I began to read my Bible every day, in an effort to grow closer to God and so I would fit in. But this was simply a habit that I found myself easily putting on and off when I came home for Christmas or summer breaks. I was living in two worlds, one at college and one at home. I blamed my change in behavior on many different things, but I still felt I was a Christian and was saved.
“Up until this point, I had hardly ever read my Bible outside of church.”
After graduating, I began attending the Lehigh Valley Baptist Church in Emmaus, PA. I began hearing things I had never heard before, such as analyzing your salvation to make sure you were saved. There had been many times I had doubted my salvation in high school and college, but I always felt that Satan was just attacking me. However, now as I heard the messages and examined my heart, I doubted the reality of my conversion.
Soon I began doing a Bible study, and through the study and the services, I became more concerned that maybe I truly was not saved. But I kept pushing it out of my mind, not willing to admit to myself that I was living a lie. The day before I was to do the final Bible study, I came to the point where I verbally admitted to my mom that maybe I was not saved. Having to say that to someone was a very hard thing for me to do. It was a verbal admission that something was not right.
I completed the Bible study late on Monday afternoon, and that same night, I began to seriously analyze my life as a Christian. Over the next two days, I spent hours alone with God, studying His Word and asking Him to allow me to see myself as He saw me. The Lord showed me that my life held none of the outward evidences or inner motives that a Christian should possess. He also showed me that after my earlier profession of salvation, my life had not changed, but that I had continued in the path that I had chosen.
“He also showed me that after my earlier profession of salvation, my life had not changed, but that I had continued in the path that I had chosen.”
The Lord showed me myself through His eyes.

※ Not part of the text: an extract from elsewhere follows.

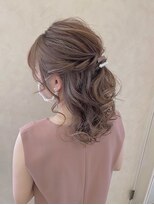 ジャックインザボックス(JACK IN THE BOX) ドレスヘア☆ねじりハーフアップ☆結婚式　二次会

I was a sinner who was lost and on my way to hell. I was an enemy of God. My head was full of the knowledge of God, but my heart was full of myself and was empty of God. The Lord showed me that I had been lying to myself and leading a hypocritical life that only He could change.
If anyone had challenged my testimony before this time, I would have defended myself, claiming I was saved. But the Lord was challenging me, and I had nothing with which to defend myself. I knew I no longer wanted to be an empty shell that was living a lie, and I no longer desired to be an enemy of God. I wanted my sins to be forgiven. I recognized my need to have a real relationship with Him.
Wednesday night, after church, I went home and spent time alone with God. I asked Him to forgive me of my sins and wash me with His blood. The Lord has changed my life. I am no longer an empty shell walking around with no purpose. My attitude toward the Lord has changed. He has given me a desire to read His Word and grow close to Him and to follow His way instead of my own.